I'm assuming it's the lupus and it's time to be back on those meds. They took me off them in Dec 2019 for kidney surgery, and then one of my Drs told me I probably never had lupus, so I didn't push getting back on the lupus meds after surgery. My Utah lupus Dr dropped me anyways at the end of Dec when I got Medicare. But maybe he's wrong. Lupus can cause liver issues.
I am still waiting for the Dr who ran the tests to call and say what I should do about the liver numbers. I only saw them cause he finally checked them, and so then the results get released to the patient on the patient portal. My experience has given me reason to bet they call and say everything is good, if they do call.
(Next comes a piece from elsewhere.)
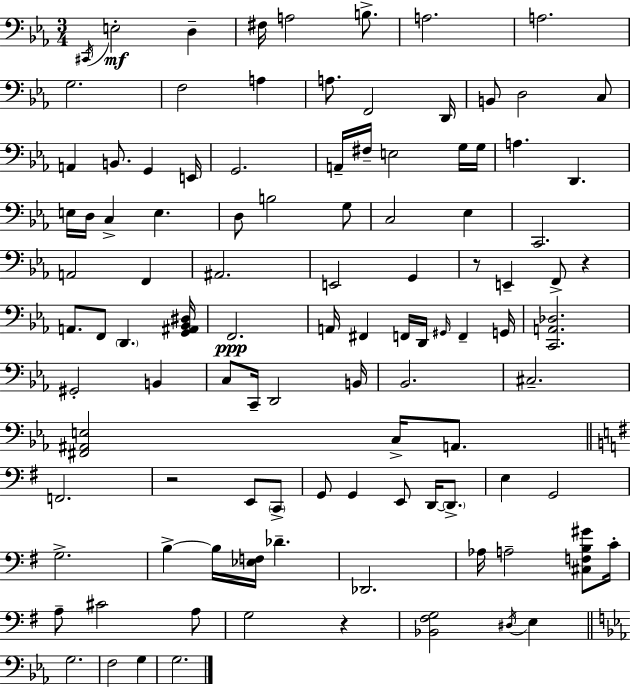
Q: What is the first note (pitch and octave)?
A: C#2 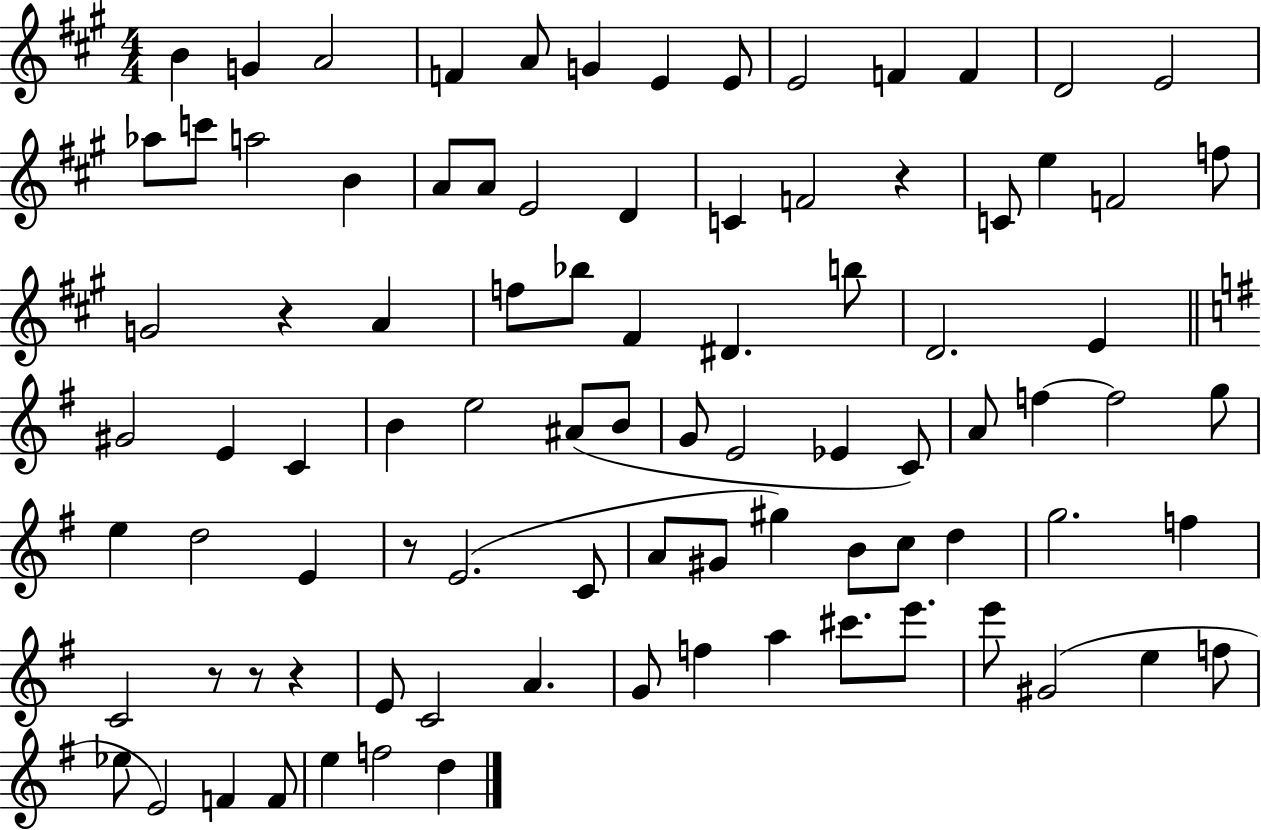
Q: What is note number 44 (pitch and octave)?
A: G4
Hopefully I am wrong.
Now that I'm back in Idaho though, I see my blood Dr today, so maybe he can get me back on the lupus meds. He and my Idaho Lupus Dr used to tag team treat me since Lupus Dr is 4 hrs away in Boise. I'll call the lupus Dr too, see how long it'll take to get in to see him. Hopefully he didnt retire since I left.
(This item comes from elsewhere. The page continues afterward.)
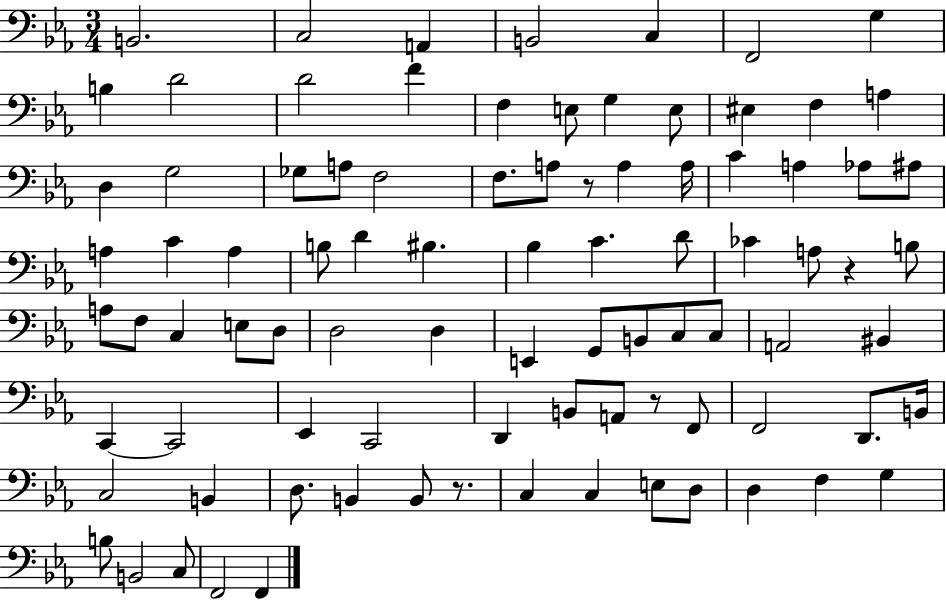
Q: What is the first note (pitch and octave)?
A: B2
But why do Drs never believe me until the numbers get so high. I told them last month it felt like my liver. They always assume you're full of it... Or I am being cynical. But it's hard not to be when nobody believes you.. It'll turn you batty, that's for sure.

And I shouldn't say nobody believes me. The pain Dr believed I was still in pain and said he'd keep treating me. I just don't want to only treat the pain. I want to know the cause, treat the cause and get better. I don't want pain meds. But that is all that Dr can offer. And he knows I am not an addict and said I am safe to be on them long term since I am so careful with them. But I still don't want the pain pills. I just don't want to be in pain. Endless cycle. Nobody can fix the pain. And pains too bad to do daily living. But pain pills are addictive and stop working. But if I know it's liver pain, I can ask them to do the celiac plexus block maybe. It used to help for my pancreatitis. I think it helps liver pain too. And it lasts like 2 months. I see him tomorrow and can ask about it then. I do know I'll need to stop taking tylenol. That's bad for liver inflammation, it makes it worse. And maybe I should've stopped taking them on like Oct 10th, since they ran labs on the 7th. But nobody looks at my labs until Oct 21st, so I didn't know, and I've been daily taking tylenol for the side pain which is my liver. Now I am just laughing. This is why I hate health care. I can't be my own freaking Dr, yet it feels like I always have to be. They still would not have checked my labs if I didn't ask them to yesterday.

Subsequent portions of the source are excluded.